More specifically, Schmitz' contact of employment was not renewed after almost four years. She argued that she could only be terminated under the Fair Dismissal Act which covered college employees. The college argued that Schmitz was acting like an independent contractor, who could be terminated at will. The judge, who reviewed the circumstances of Schmitz employment, wrote:
"Ms Schmitz has also been a longtime employee of C.I.T.Y./CACC. The decision to hire her was made by the President of Central Alabama Community College. He set her work hours, work schedule and what she would be doing in her job. The President of the College also participated in firing Ms. Schmitz....Ms. Schmitz was not free to pick who she worked with or who worked under her. Her direct Supervisor was an employee of Central Alabama Community College."
After the ruling was handed down in favor of Schmitz, she has entered into negotiations with her employer for some kind of settlement.
Here's the giveaway of the prosecution's bad faith. Alice Martin wants the judge to, "prohibit the defendant from referencing this lawsuit at any fashion at trial, including its filings as well as any rulings or determinations issued." She says that the lawsuit isn't relevant, and that "the admission of such evidence will only serve to confuse, distract, and mislead the jury." Martin is shamelessly insulting the intelligence of everyone involved. Schmitz' willingness to invite judicial scrutiny into the circumstances of her employment reflects her state of mind, which is central to the government's case.
The prior lawsuit also touches on another point. It's impossible for someone to be employed in a phantom job for three years without the supervisor being similarly culpable. Schmitz' employer would not have willingly invited judicial scrutiny if this were part of some criminal enterprise.
But there's more. Martin wants the judge to "prohibit the defendant from suggesting to the jury that Schmitz could fulfill her obligations to the CITY Program by advocating on its behalf, or providing any advice or assistance on matters concerning the Legislature." Even though Schmitz' written job responsibilities included:
"II. External Affairs
A. "Develop and maintain a positive working relationship with members of the State of Alabama legislative delegation, various city and county officials relative to CITY locations.
B. "Establish a positive working relationship with various state service providers (i.e. Department of Human Resources, Department of Mental Health, and Department of Youth Services."
Martin also wants the judge to prevent Schmitz from presenting "an excessive number of character witnesses."
The foregoing is what The Birmingham News is not talking about. The paper's coverage has essentially been spoon fed by Martin.
"Prosecutors outlined the case they'll present against Schmitz in a 41-page trial memorandum.
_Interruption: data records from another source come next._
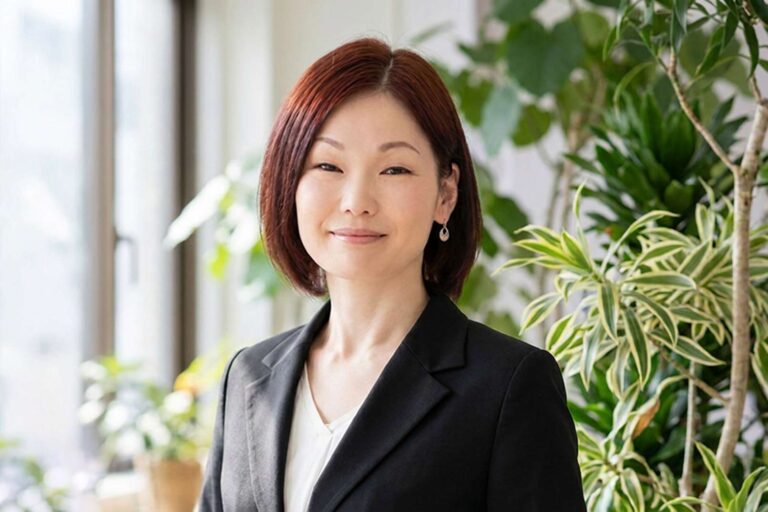 西出 聖子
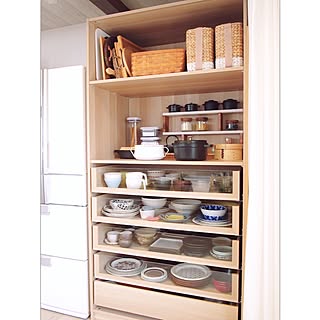 見ているだけでほっとする空間に♡北欧風の収納スペース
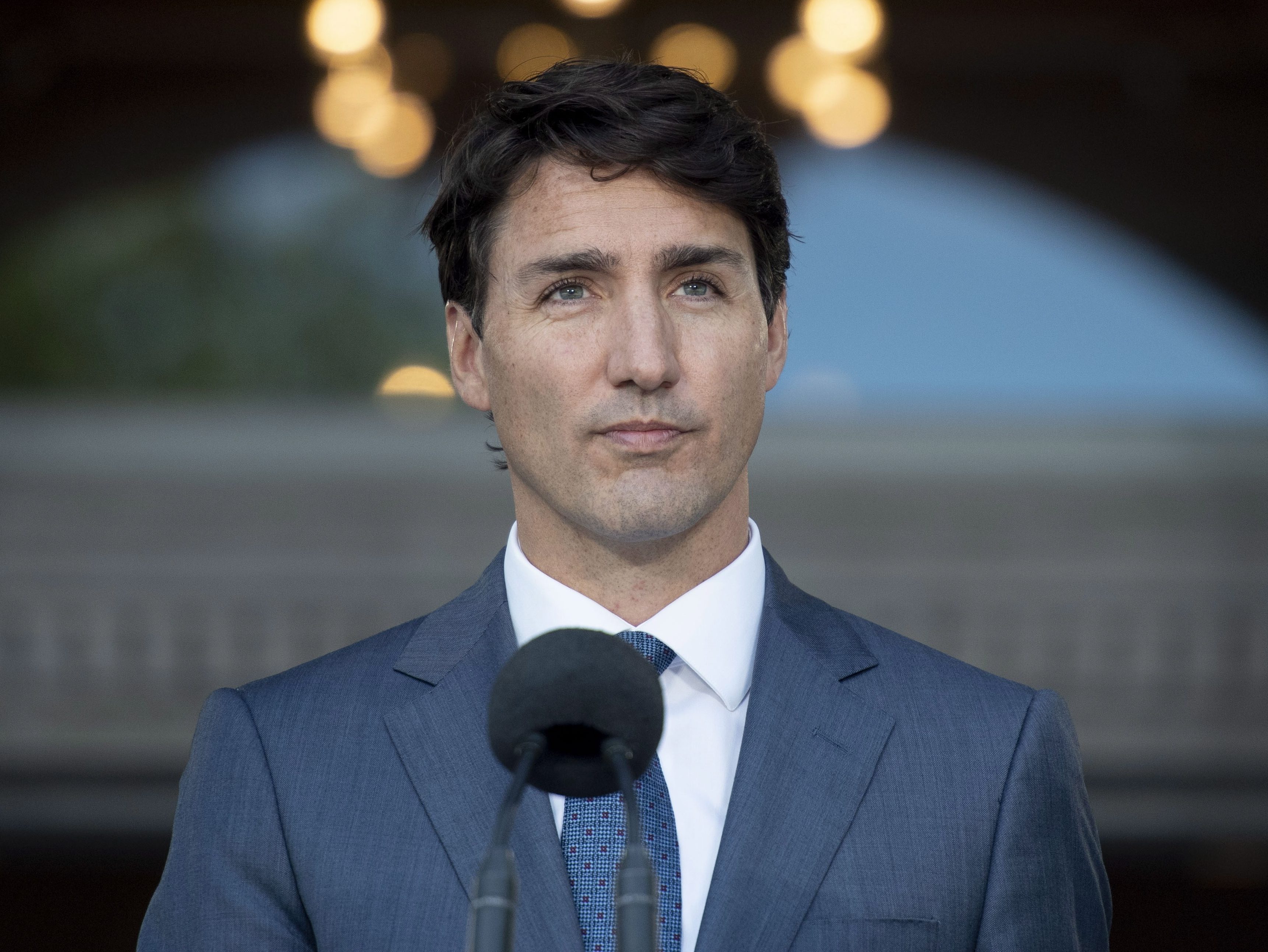 cabinet_shuffle_20180718_65608114-e1532374681504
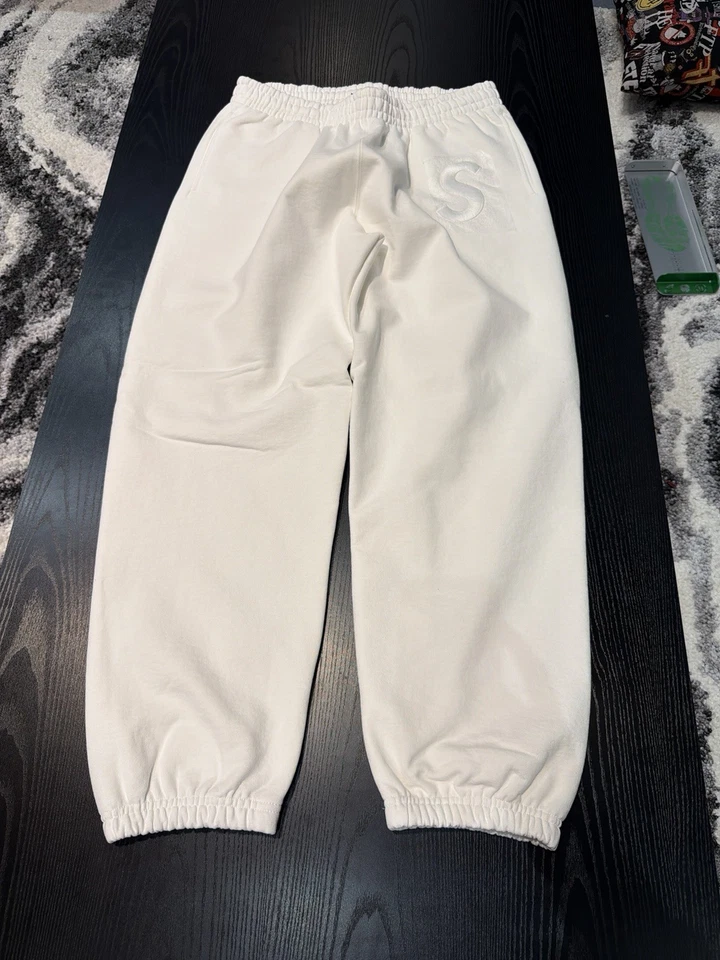 Pantalones deportivos Supreme S Logo blancos (PS25) nuevos talla grande **RAROS SUPREME* Foto 1 de 4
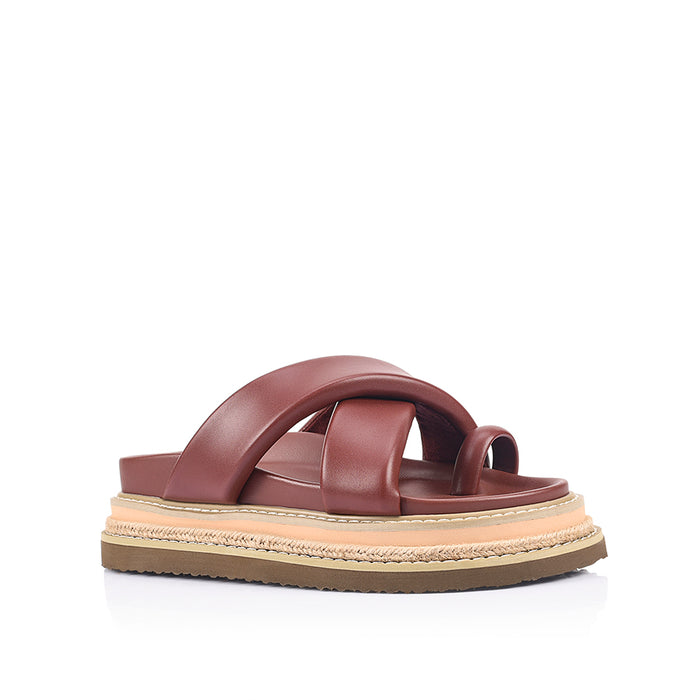 Women's platform sandal with crossover straps and toe ring in berry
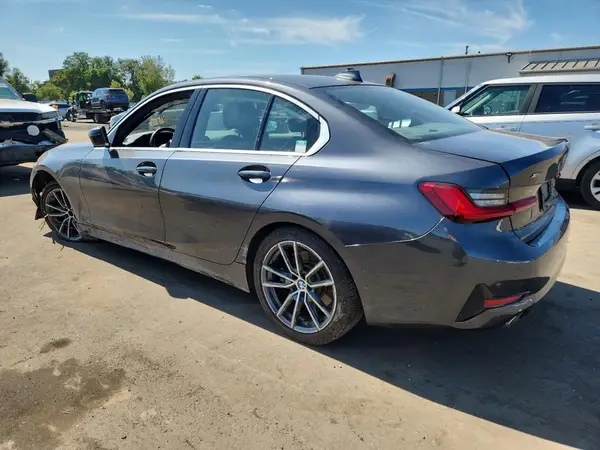 3MW5R7J07M8B61568 2021 BMW 3ER - Image 2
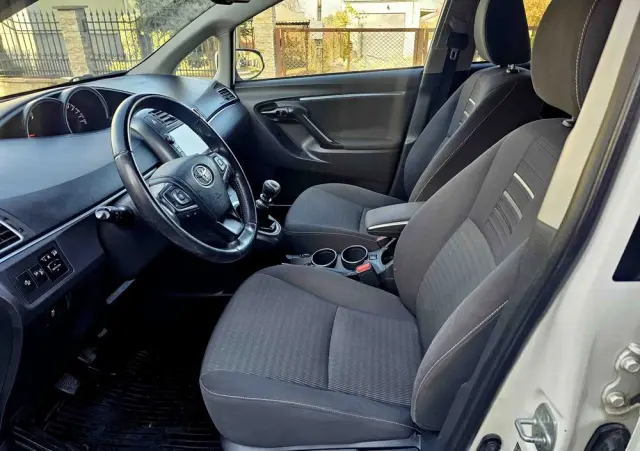 TOYOTA Verso 1.8 7-Sitzer Life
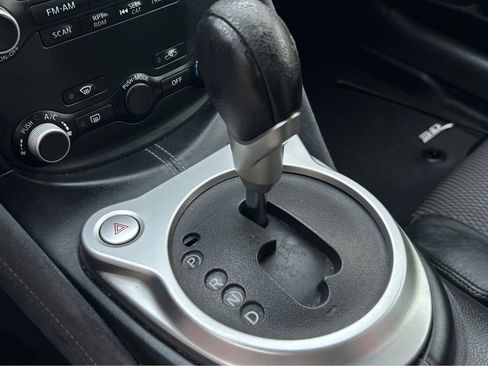 Used 2012 Nissan 370Z Touring w/ Sport Pkg image 12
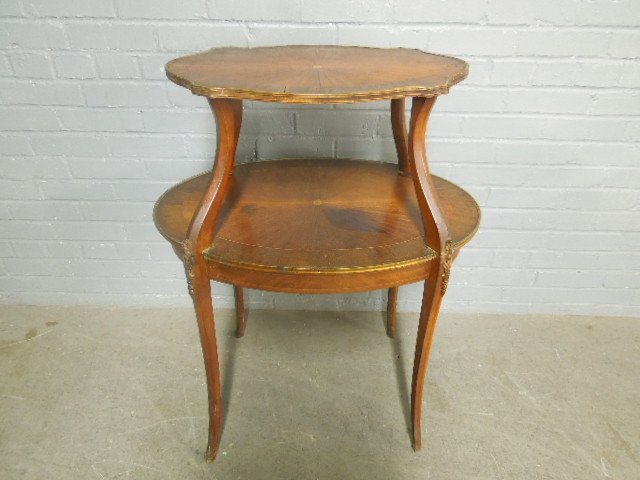 French Provincial Dessert Stand (1 of 4)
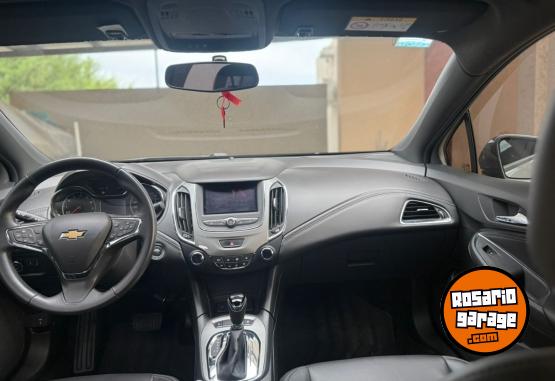 Autos - Chevrolet Cruze Midnight 2022 Nafta 34000Km - En Venta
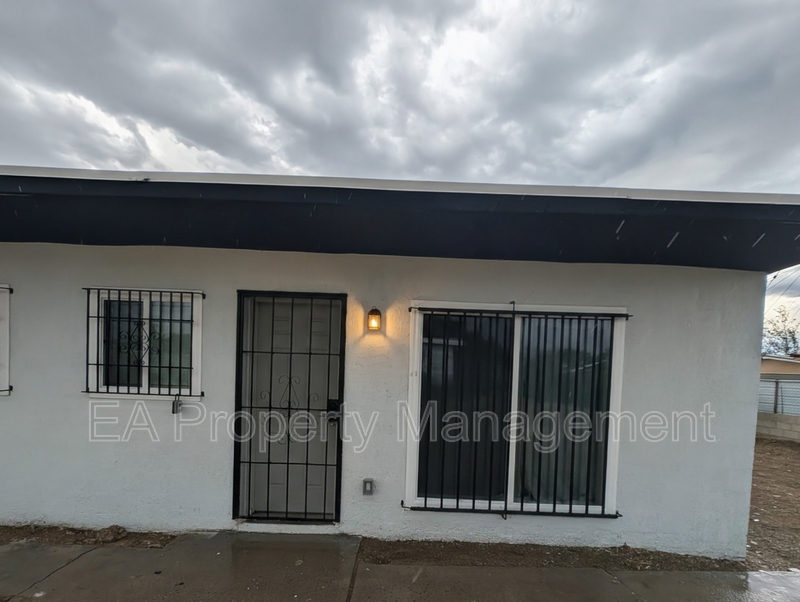 Albuquerque House: 443 Trumbull Ave SE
After it was reviewed by The Birmingham News, that document was sealed by a federal judge."
Recently, Brett Blackledge, the lead reporter on The Birmingham News "double-dipping" series, admitted that he got a lot of the information when somebody handed it over to him in a box. Some locals who found him to be less than honest had already likened Blackledge to Scott Templeton, the fabulist reporter in the HBO series The Wire. Templeton, who fabricated quotes and embellished facts to juice up his stories, ran with a bogus narrative - in that case, homeless murders - he was fed by a government officials . In the series finale, Templeton wins the Pulitzer Prize. Blackledge, who won the Pulitzer Prize for his double dipping reporting, recently left to work in the AP Washington Bureau.